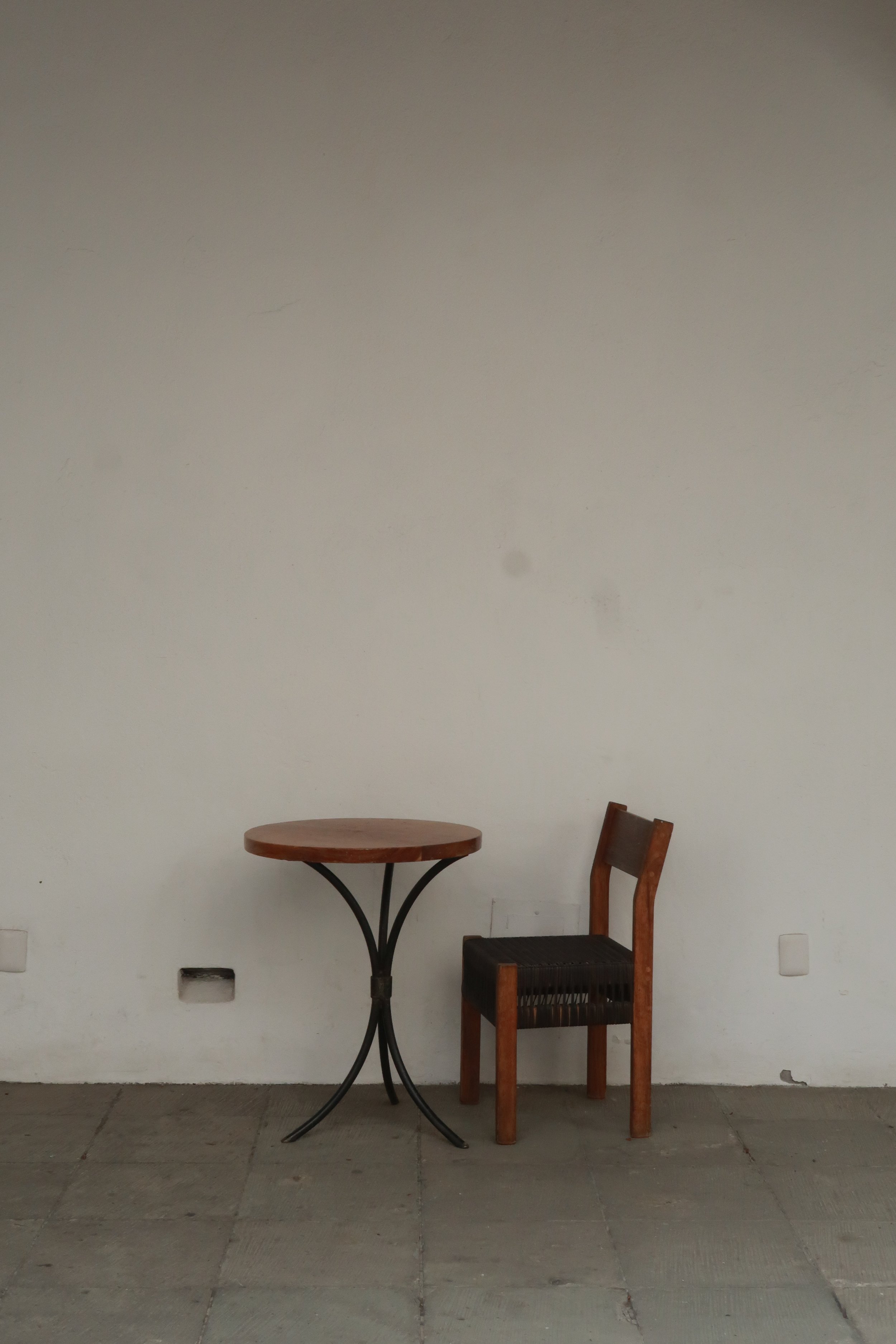 A small round wooden table with a black metal base next to a wooden chair with a woven seat, against a plain white wall on a tiled floor.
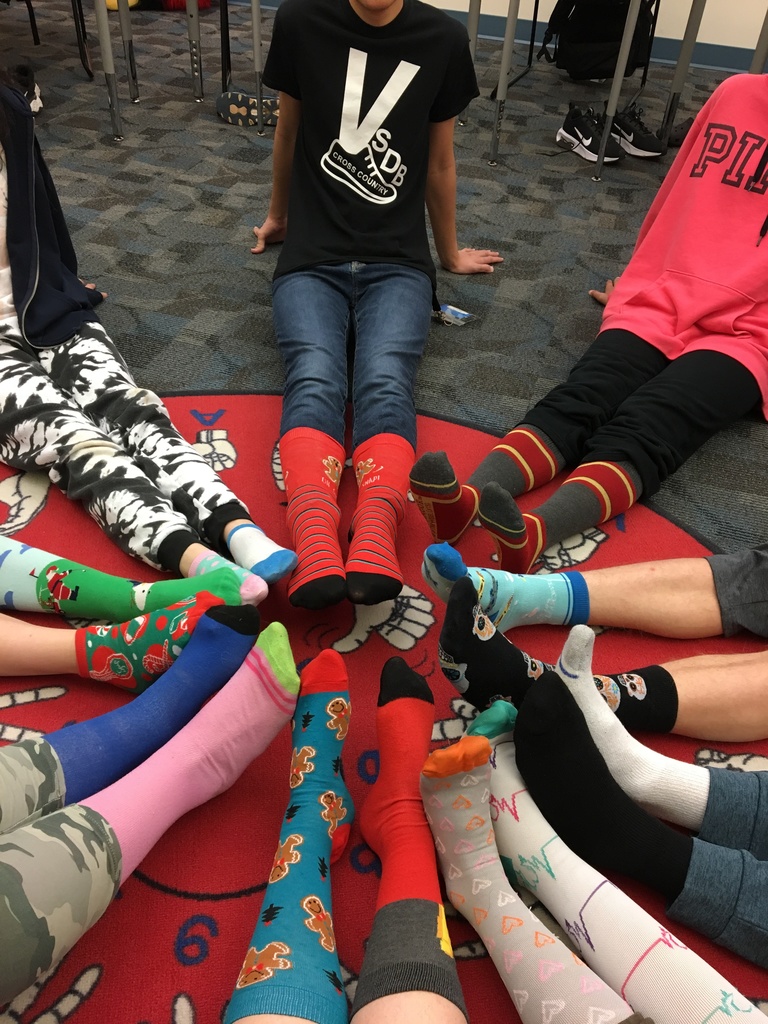 9 sets of feet with silly socks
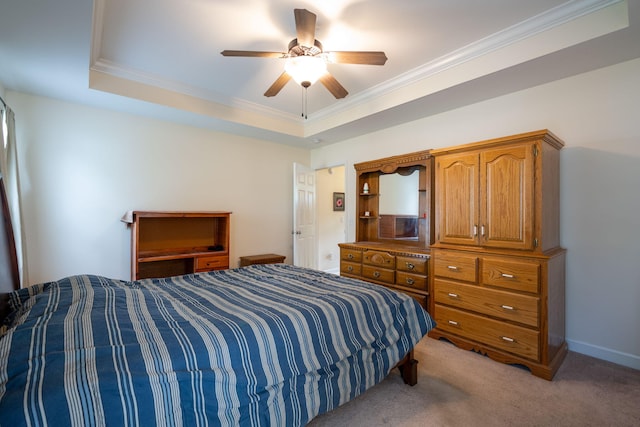 bedroom featuring crown molding, light colored carpet, a raised ceiling, a ceiling fan, and baseboards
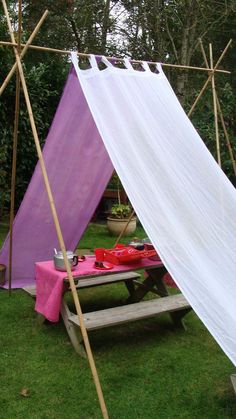 a purple and white tent sitting on top of a lush green field next to a picnic table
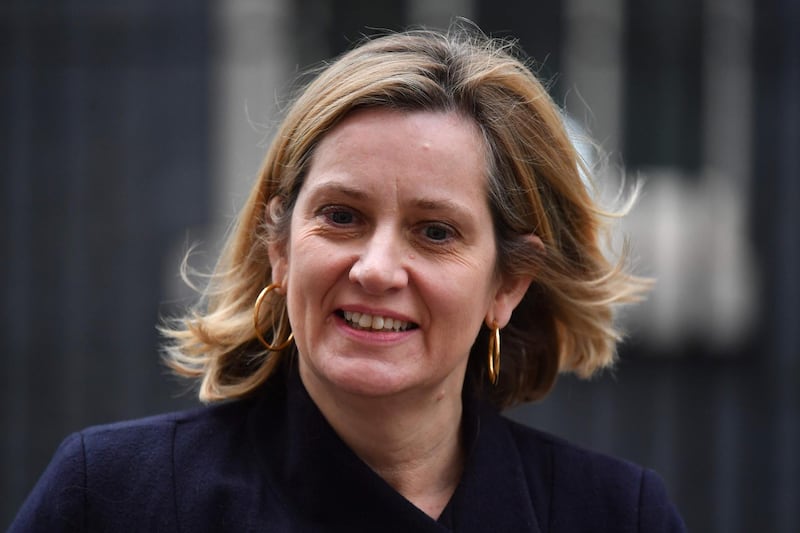 (FILES) In this file photo taken on November 26, 2018 Britain's Work and Pensions Secretary Amber Rudd leaves 10 Downing Street in London on November 26, 2018 after attending the weekly meeting of the cabinet.  senior government minister called on December 15, 2018 for British MPs from all parties to "forge a consensus" on Brexit to avoid a potentially damaging "no deal" withdrawal from the EU in March. / AFP / Ben STANSALL

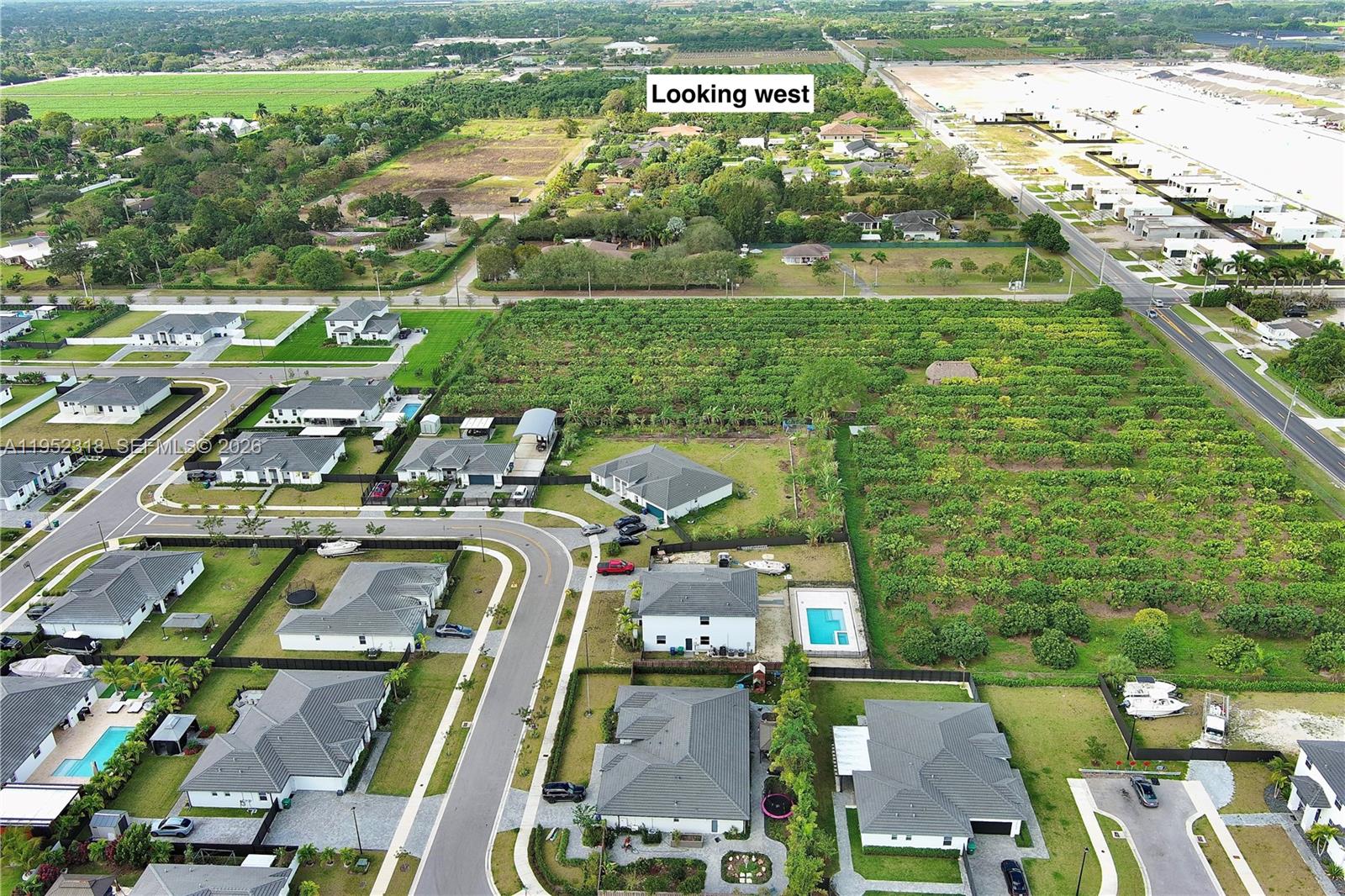 16925 Southwest 289th Terrace Homestead, FL 33033 - Photo 53 of 58 an aerial view of residential houses with outdoor space and swimming pool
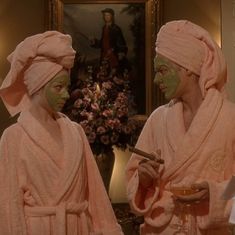 two women in pink robes with facial masks on and one is holding a spoon to her mouth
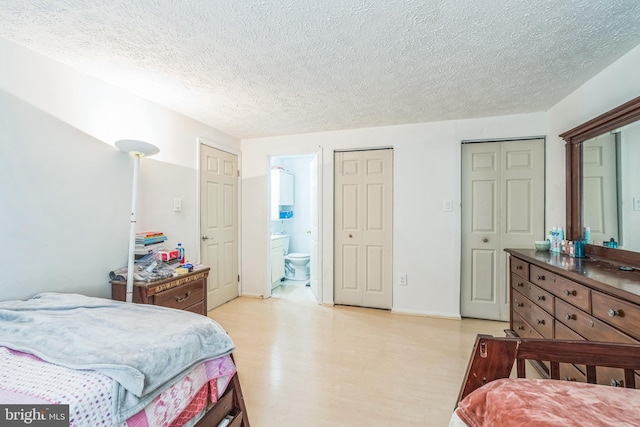 bedroom featuring a textured ceiling, ensuite bathroom, and multiple closets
:::
Beginning with the line that holds "16925 Southwest 289th" and continuing to the end of the entries above, set down each line exactly, both ends included; include no pictures.

 16925 Southwest 289th Terrace Homestead, FL 33033 - Photo 53 of 58 an aerial view of residential houses with outdoor space and swimming pool
 two women in pink robes with facial masks on and one is holding a spoon to her mouth
 bedroom featuring a textured ceiling, ensuite bathroom, and multiple closets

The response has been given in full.